Ivo is a former lawyer who has participated in Nazi atrocities and is now selling his expertise to East Germans to kidnap and transport certain West Germans to the Eastern bloc. Although Ivo desires to relocate to the West, he is hampered by West German suspicions and his criminal past. Nevertheless, he agrees to a final kidnapping venture that fails, forcing his employer to take over and abduct Briton Susanne by mistake. Ivo had earlier feigned a romance with Susanne as a means to seize his kidnapping target.

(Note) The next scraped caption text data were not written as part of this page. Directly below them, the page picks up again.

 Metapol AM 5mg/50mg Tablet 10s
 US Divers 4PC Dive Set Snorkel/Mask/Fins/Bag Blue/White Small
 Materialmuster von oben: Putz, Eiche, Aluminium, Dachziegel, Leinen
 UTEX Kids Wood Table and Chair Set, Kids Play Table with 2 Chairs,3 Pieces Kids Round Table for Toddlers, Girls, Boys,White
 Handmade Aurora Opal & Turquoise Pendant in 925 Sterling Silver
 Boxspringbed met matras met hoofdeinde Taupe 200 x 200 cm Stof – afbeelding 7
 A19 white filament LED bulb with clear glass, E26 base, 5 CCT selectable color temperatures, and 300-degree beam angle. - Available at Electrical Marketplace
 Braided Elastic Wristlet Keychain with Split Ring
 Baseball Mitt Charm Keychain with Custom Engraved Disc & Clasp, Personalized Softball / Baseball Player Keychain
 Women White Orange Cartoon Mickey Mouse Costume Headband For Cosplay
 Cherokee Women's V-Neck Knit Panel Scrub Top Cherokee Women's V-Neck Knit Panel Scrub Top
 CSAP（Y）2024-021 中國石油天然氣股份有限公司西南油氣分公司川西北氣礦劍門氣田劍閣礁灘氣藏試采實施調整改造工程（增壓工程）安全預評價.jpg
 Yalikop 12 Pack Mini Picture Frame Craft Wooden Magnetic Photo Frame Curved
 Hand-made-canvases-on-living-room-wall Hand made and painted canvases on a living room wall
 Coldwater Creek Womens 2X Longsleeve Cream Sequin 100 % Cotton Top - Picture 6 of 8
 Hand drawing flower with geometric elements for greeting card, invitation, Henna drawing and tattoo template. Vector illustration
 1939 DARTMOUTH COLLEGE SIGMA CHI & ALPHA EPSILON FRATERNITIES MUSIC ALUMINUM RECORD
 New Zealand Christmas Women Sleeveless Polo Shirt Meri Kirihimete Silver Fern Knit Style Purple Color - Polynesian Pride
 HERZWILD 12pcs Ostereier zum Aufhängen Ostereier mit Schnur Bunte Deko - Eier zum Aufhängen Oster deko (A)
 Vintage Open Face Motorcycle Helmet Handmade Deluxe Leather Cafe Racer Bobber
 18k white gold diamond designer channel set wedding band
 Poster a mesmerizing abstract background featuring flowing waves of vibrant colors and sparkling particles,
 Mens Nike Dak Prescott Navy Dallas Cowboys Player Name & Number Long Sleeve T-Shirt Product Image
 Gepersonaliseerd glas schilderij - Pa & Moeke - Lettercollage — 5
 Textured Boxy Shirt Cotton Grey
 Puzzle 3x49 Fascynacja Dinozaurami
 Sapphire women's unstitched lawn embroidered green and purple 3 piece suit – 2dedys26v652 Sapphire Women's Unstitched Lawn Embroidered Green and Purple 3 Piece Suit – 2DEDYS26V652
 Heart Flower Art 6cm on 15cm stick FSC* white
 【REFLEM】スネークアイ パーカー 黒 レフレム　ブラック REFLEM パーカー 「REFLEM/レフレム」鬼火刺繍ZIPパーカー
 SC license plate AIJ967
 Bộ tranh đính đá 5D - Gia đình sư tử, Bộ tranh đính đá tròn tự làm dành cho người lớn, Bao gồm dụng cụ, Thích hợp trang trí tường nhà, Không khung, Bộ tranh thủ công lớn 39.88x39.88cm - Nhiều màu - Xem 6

The abduction of Susanne presents Ivo with an opportunity to both return the unfortunate victim to the West and impress Western authorities with his atonement. Despite Ivo's selfish and dark facade, Susanne falls in love with him. She tells him that she can see humanity deep inside a man who had once wished to defend the innocent and the 'rights of man'. This glimpse also appears to a young East Berlin boy who assists Ivo and Susanne in their attempt to escape, as he follows Ivo everywhere and the boy is treated with kindness. Ivo almost admits his affection for Susanne on one occasion but he directs the conversation back to his sordid past and the escape attempt.

Ivo and Susanne narrowly avoid capture and wander through the ruins of East Berlin. They try to board a train at Friedrichstrasse but there are too many ID checks. They sabotage a generator to kill the lights to cross a large building site. The message boy (Horst) appears on the east side (it is not explained how he crosses the border). Ivo persuades a woman to give them her flat for the night. They kiss for the first time and it is implied they sleep together. The boy comes to the flat with a laundry lorry driven by Kastner. They hide in the back as it drives to the crossing point. They hold each other.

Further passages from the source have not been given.